On Friday, the Office of the Comptroller of the Currency (OCC), the agency within the U.S. Treasury Department that regulates national banks, announced it will begin accepting applications for special purpose national bank charters from financial technology firms.

Reception of this news has been generally positive, with industry organizations such as the Electronic Transactions Association and American Bankers Association issuing statements in support of such a charter.

But the early take on the news from industry insiders indicates that it is a mixed bag for individual companies. Applying for the charter may be either a smart move or a bad idea, depending on who you are and why you want it.

The public interest

For the industry, some say, the concept of a single body to oversee companies previously operating in a bit of a regulatory no-man’s-land is a welcome development that acknowledges the impact of this rapidly rising sector on consumers.
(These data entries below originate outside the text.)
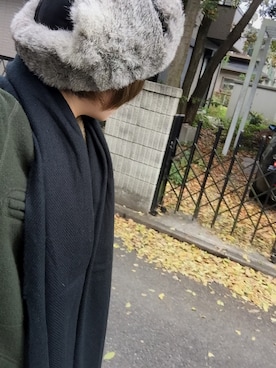「WOOLRICH（ウールリッチ）のアイテム（帽子）」を使った、靖さん（レディース・171cm）の秋コーディネート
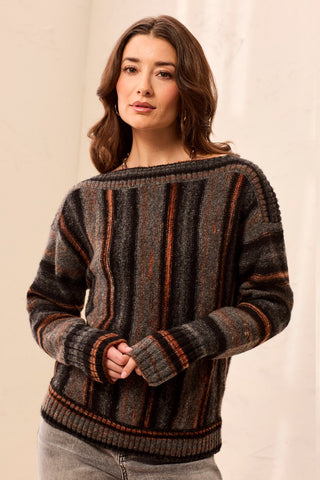 Yarn Dye Boat Neck Long Sleeve Sweater-M steel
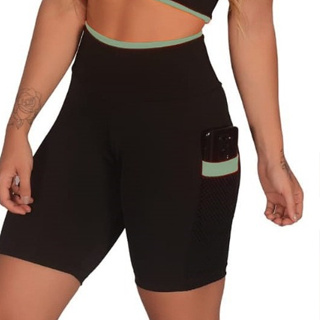 Promoção Short Feminino Fitness Academia com Bolso de Tela Porta Celular | B004 em Oferta na Shopee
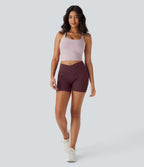 High Waisted Crossover Side Pocket Waffle Yoga Biker Shorts 5'' — Evening Red — view 6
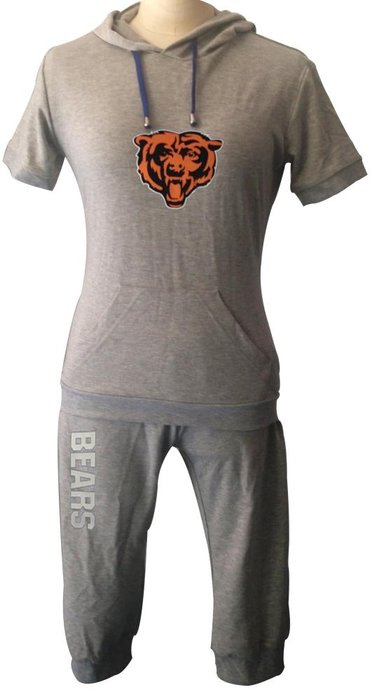 NFL Chicago Bears women's Hooded sport suit Grey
“The new fintech special purpose bank charter breaks new ground in the development of fintech,” said Holli Targan, attorney and chair of the Electronic Payments Group within the law firm Jaffe Raitt Heuer & Weiss. “It legitimizes the fintech business model by affirming that fintech companies are active and important participants in the delivery of financial services.”
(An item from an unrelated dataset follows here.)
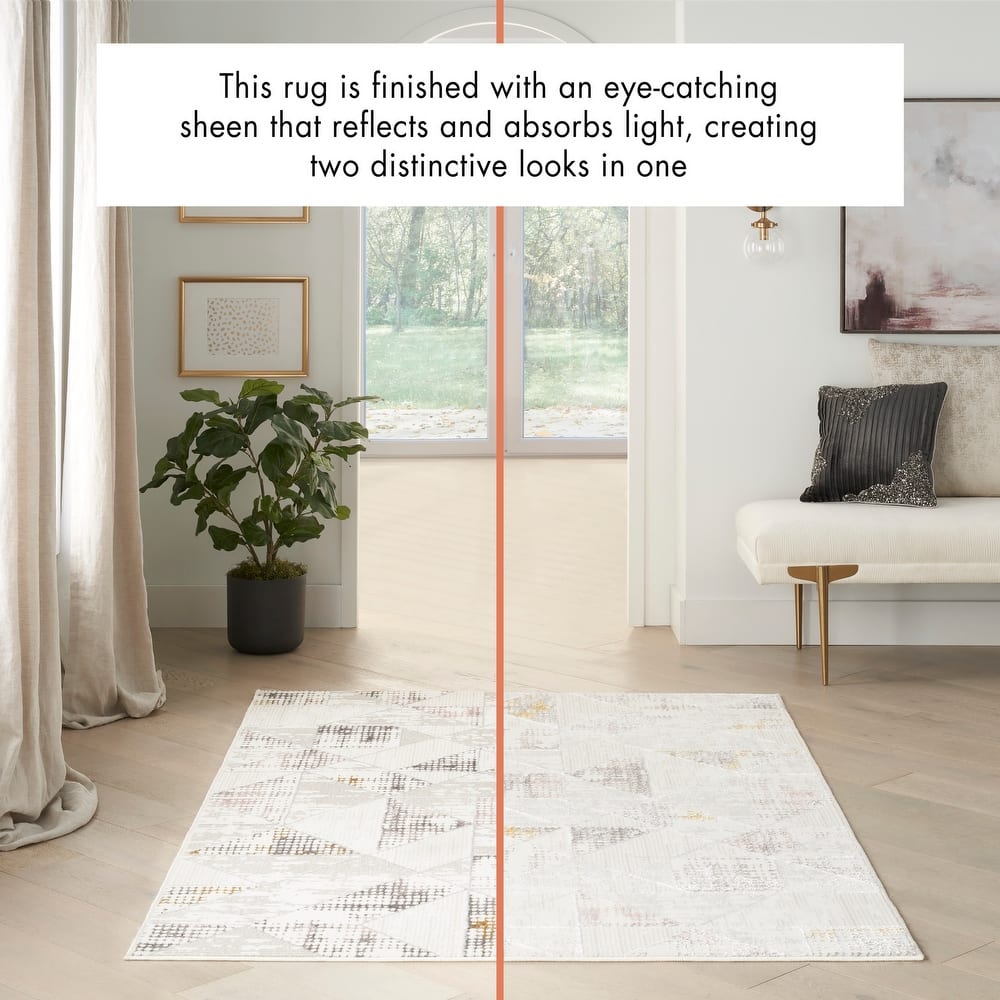 Nourison Glam Indoor Grey Geometric Area Rug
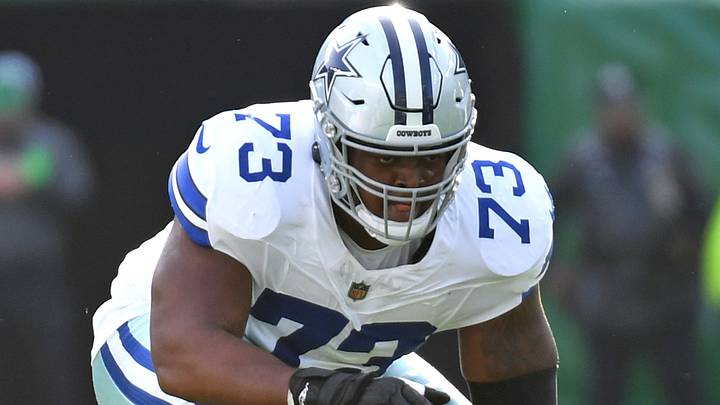 Dallas Cowboys offensive tackle Tyler Smith against the Philadelphia Eagles at Lincoln Financial Field. Dallas Cowboys offensive tackle Tyler Smith against the Philadelphia Eagles at Lincoln Financial Field.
Jeff Szyperski, CEO of Chesapeake Bank, a community bank in Williamsburg, Va., thinks this is a positive development for consumers. He said that he is encouraged that a regulator – particularly the OCC with its national oversight – is prepared to provide some supervision that will impose some of the requirements of the banking system, including consumer protection and financial inclusion, onto companies that are increasingly the ones delivering financial services to consumers.

“At the end of the day, if you’re looking for consistency in a product to a consumer that has adequate protections to it, I think this is a good thing.  If you’re customer-focused, this adds a little less volatility to the system,” Szyperski said.
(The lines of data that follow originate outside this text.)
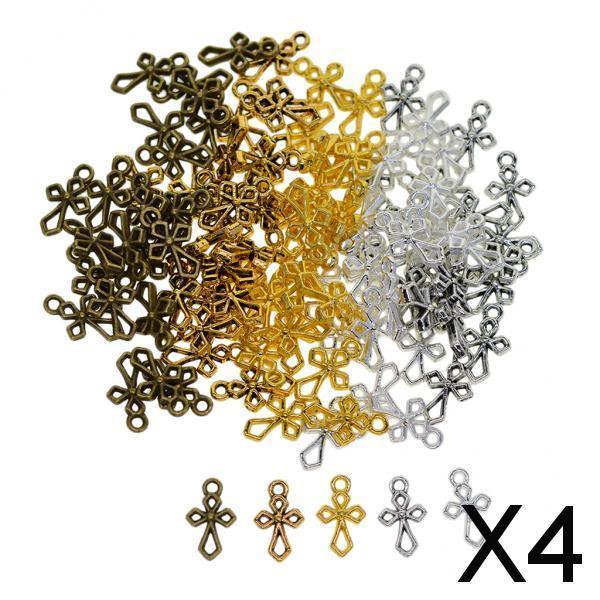 2x100 Uds. Abalorios de Cruz hueca de filigrana Vintage, joyería DIY, fabricación mixta 4 piezas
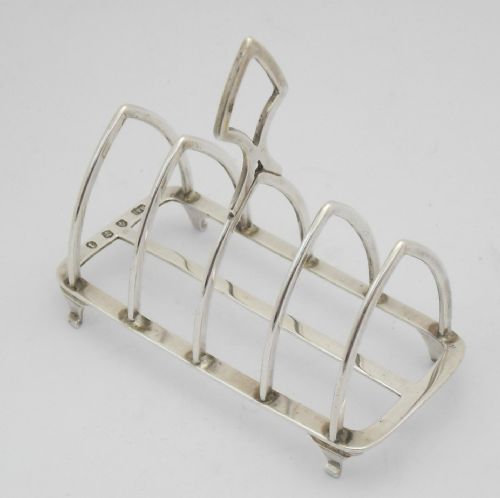 FINE SCOTTISH SILVER GOTHIC TOAST RACK EDINBURGH 1900 - ADDITIONAL PHOTO 2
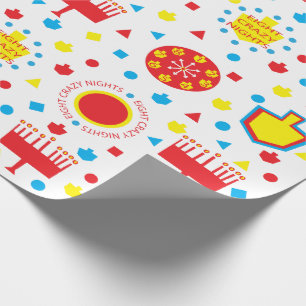 Hanukkah/Chanukah Wrapping Paper Colourful Crazy 8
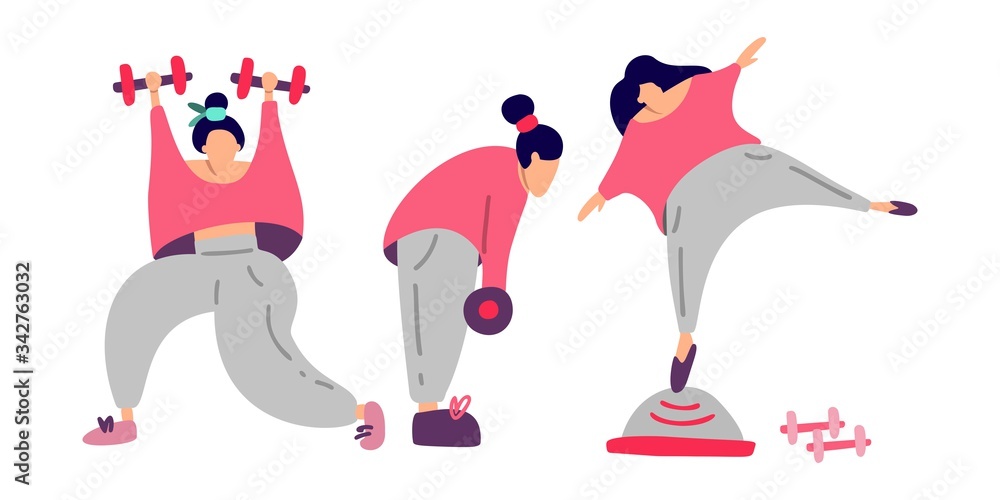 Fototapeta premium Hand drawn vector illustration, concept of home sports training and home gym. Sport and coach online. Sports marathon online training. The girl goes in for sports at home.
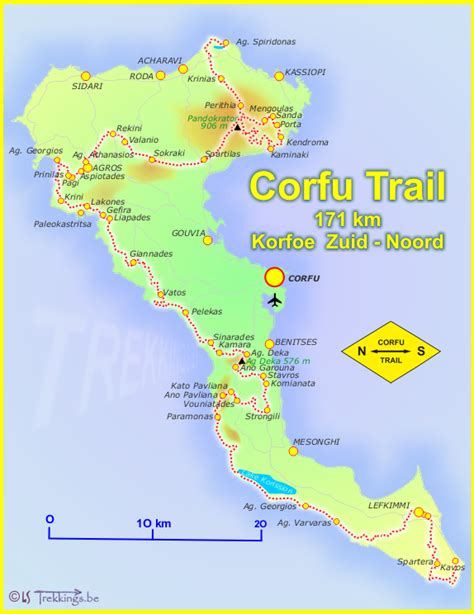 Een kaart met de route van de Corfu Trail, die de lengte van het eiland volgt.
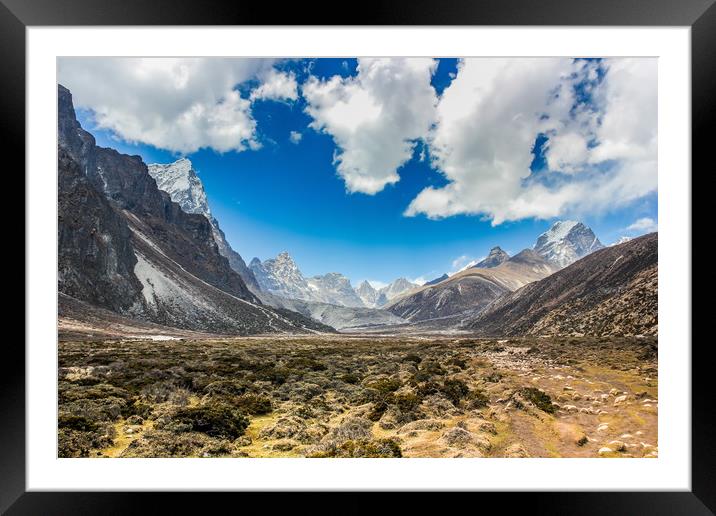 Valley in mountains of Sagarmatha National Park in Framed Mounted Print by Sergey Fedoskin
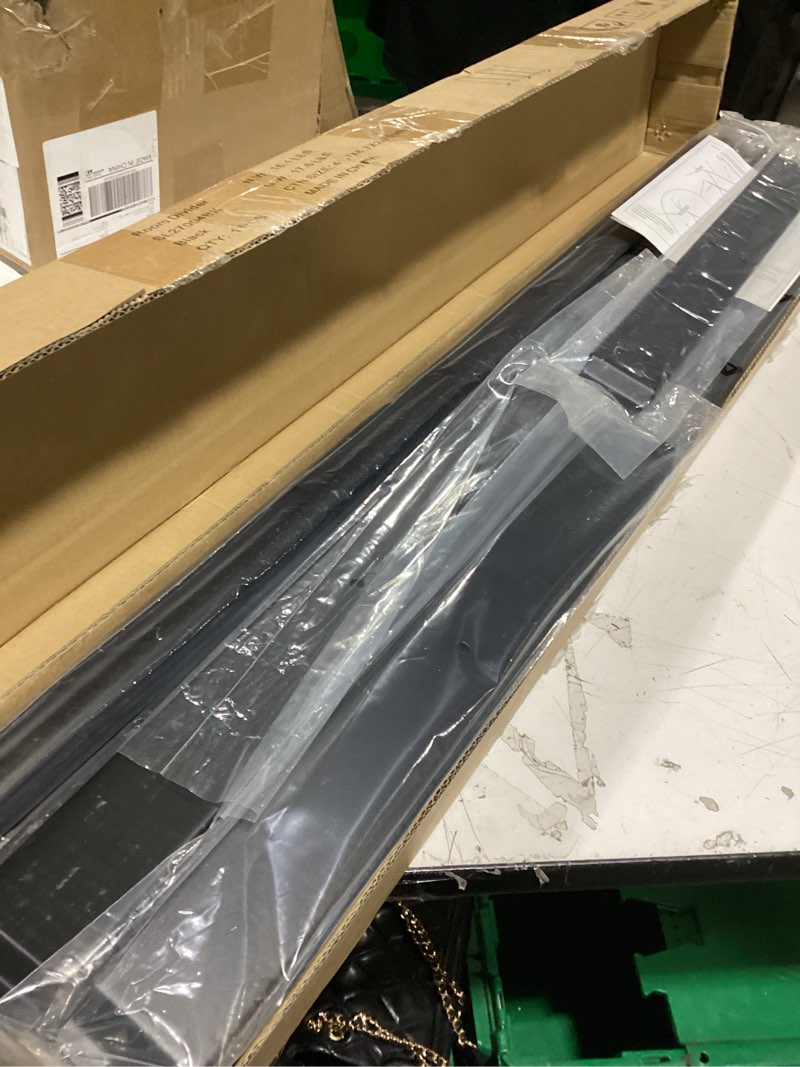 Condition photo showing New/Like New for rantila 4 panel room divider, 6 ft folding privacy screen with wide feet, freestanding partition for room separation, portable room divider panel, 89" w x 71" h, black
In a speech Friday night at Georgetown University, Comptroller of the Currency Thomas J. Curry acknowledged the government’s interest in a field that is expanding to be a significant part of consumers’ lives. He said that the U.S. and U.K. combined now have more than 4,000 fintech companies, and that investment in fintech had skyrocketed, growing from $1.8 billion to $24 billion worldwide in only five years.

Curry outlined several reasons that the agency had decided to proceed with a special charter for these companies.

“First and foremost, we believe doing so is in the public interest,” he said. “Fintech companies hold great potential to expand financial inclusion, empower consumers, and help families and businesses take more control of their financial matters. Fintechs, while not without some risks, also can potentially deliver these products and services in a safer and more efficient manner.”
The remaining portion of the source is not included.